Partners in Cupid target industry

January 19, 2001

Cupid, a new Scottish university consortium, is hoping to spark a romance with industry that could make the United Kingdom a world leader in display technology.

Visual displays on machines are becoming increasingly important, whether for mobile phones, microwave ovens or rear-projection televisions, and the race is on worldwide to develop the underlying technology.

The Combined University Partnership with Industry in Displays is an alliance between Abertay Dundee, Dundee, Edinburgh, Heriot-Watt and Napier universities and the Scottish Optoelectronics Association, which promotes links between higher education and companies.

Cupid has won £150,000 of seed funding from Scottish Enterprise for centres in Dundee and Edinburgh that will promote academic expertise to industry.

Allan Gillespie, professor of photonics at Abertay and director of its Electronic, Photonic and Information Control Centre (Epicentre), said: "We need all five university partners to make the whole thing work. This is far too big and expensive a field for individual universities to cover, and we are pooling our expertise."

Professor Gillespie stressed that the consortium was "very open" to approaches from other institutions in Scotland and the rest of the UK.

Cupid members are already part of a wider UK consortium, supported by the Engineering and Physical Sciences Research Council, to run MSc training packages in display technology.

Professor Gillespie said technician training was also being developed. "We don't just help industry by doing research," he said.

Michael McGuinness, of the Scottish Enterprise optoelectronics team, said:

"The main benefit we see from Cupid is to bring the synergy of different departments together in a single point of contact to help industry and bodies like us understand what are the key developments in the technology.

"Various departments have key specialisms, and the whole point is to get a critical mass of activity in the display field."

Mr McGuinness said Cupid would bolster qualifications in display technology and raise Scotland's profile.

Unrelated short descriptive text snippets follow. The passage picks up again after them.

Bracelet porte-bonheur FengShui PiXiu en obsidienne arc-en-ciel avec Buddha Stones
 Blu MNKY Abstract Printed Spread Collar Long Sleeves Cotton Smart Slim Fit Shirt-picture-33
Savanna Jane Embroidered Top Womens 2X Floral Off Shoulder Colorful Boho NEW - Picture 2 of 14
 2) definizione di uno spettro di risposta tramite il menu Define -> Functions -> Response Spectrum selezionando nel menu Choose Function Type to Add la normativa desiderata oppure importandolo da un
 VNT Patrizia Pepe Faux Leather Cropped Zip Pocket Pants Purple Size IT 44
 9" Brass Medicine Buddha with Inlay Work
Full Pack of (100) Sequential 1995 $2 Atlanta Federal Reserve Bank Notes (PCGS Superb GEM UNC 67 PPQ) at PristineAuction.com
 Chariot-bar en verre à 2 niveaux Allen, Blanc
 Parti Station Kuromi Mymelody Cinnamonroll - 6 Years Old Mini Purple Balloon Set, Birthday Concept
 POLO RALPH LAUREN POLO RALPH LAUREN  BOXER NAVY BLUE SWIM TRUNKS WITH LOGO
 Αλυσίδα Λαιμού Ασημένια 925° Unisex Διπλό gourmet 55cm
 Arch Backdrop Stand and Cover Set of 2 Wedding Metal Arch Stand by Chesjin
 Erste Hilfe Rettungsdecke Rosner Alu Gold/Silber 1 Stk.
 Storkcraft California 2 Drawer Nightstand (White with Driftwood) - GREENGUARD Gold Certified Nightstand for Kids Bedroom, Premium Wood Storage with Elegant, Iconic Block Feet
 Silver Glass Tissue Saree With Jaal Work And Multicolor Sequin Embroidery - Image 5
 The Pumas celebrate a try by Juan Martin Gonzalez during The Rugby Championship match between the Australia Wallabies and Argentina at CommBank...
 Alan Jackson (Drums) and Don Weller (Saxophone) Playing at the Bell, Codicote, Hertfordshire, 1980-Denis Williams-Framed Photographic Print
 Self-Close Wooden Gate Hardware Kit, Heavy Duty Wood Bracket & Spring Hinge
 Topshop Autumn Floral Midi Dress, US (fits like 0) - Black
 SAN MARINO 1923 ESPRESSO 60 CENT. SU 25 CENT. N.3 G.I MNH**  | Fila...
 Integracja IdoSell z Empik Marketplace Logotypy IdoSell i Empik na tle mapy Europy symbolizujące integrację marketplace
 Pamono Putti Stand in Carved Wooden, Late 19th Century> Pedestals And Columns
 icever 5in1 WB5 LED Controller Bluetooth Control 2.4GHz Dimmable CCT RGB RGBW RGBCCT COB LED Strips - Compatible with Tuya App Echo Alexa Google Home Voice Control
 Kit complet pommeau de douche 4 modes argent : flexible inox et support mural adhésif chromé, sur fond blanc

It would be able to build on Scotland's expertise in the semiconductor industry.

"We think Scotland has an advantage in very small microdisplays, which comes from our expertise in microelectronics," he said.

These could be tiny displays, invisible to the naked eye until they were seen through special screens.

"Display technology is all-pervasive, in every element of life today, and people expect to see information on a screen that is visual and easy to understand," he said.